Покрывало из паутины разорвалось, и оттуда появился тонкий палец с острым грязным ногтем. Снова шок… дольше, болезненнее. Глаза его были открыты, во рту лежало что-то пластиковое. Над ним склонились лица в масках, видны одни глаза. На его сердце лежали руки, и голос говорил с ним мягко и настойчиво о мрачных тайнах, о том, что должно быть сделано. Уже перед самым воскрешением голос произнес его имя и предупредил, что найдет его, и он узнает, когда это случится.
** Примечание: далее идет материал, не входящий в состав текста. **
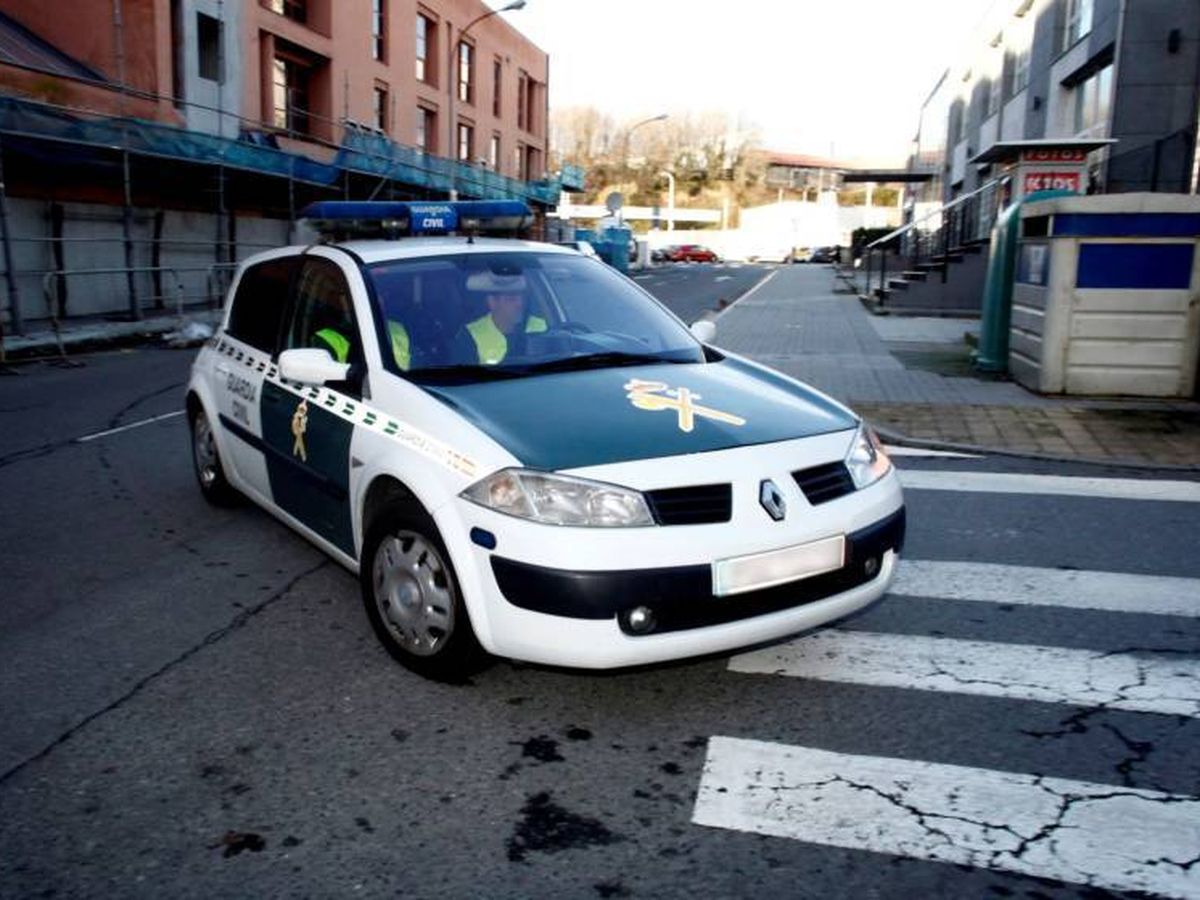 Foto: Agentes de la Guardia Civil en un coche patrulla. (EFE)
Теперь он отступил от зеркала в ванной, но отражение осталось на месте – безликая, безглазая маска, висящая за стеклом. Потом под ней появился ворот старого костюма в клетку, как у ярмарочного зазывалы, и красный галстук-бабочка, туго повязанный под воротничком желтой рубашки, украшенной воздушными шарами.
Ирод всмотрелся в зеркало, а когда узнал, не испугался.
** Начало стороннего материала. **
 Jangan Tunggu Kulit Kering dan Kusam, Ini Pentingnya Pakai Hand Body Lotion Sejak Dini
– О Капитан, – прошептал он. – О Капитан! Мой Капитан…
Глава 15
Город менялся, но ведь это – в природе городов; может быть, все дело в том, что я сам старел и, наблюдая слишком много перемен, не мог привыкнуть к закрытию знакомых ресторанов и магазинов. По-настоящему трансформация Портленда из города, всегда боровшегося за то, чтобы не уйти на дно залива Каско, в город процветающий, творческий и безопасный началась в 1970-е и финансировалась по большей части из федеральных средств через «казенные пироги», госсубсидии на местные проекты, недовольство которыми выражают едва ли не все, кроме тех, кто греет на них руки. Конгресс-стрит обзавелась мощеными тротуарами, помолодел Старый порт, муниципальный аэропорт стал международным джетпортом, что по крайней мере звучит футуристически, пусть даже в последнее десятилетие и невозможно улететь напрямую в Канаду, не говоря уже о других, не находящихся в непосредственной близости местах, отчего наименование «международный» теряет свой смысл.
В последние годы глянец Старого порта несколько потускнел. Эксчендж-стрит, одна из самых прелестных улиц города, пребывала в промежуточном состоянии. «Букс этсетере» исчез, «Эмерсон букс» готовился к закрытию, поскольку владельцы решили отойти от дел, и во всем районе мог остаться единственный книжный магазин «Лонгфелло букс». Ресторан «Уолтер», где я бывал со Сьюзен, моей покойной женой, и Рейчел, матерью моего второго ребенка, закрыл свои двери, готовясь к переезду на Юнион-стрит.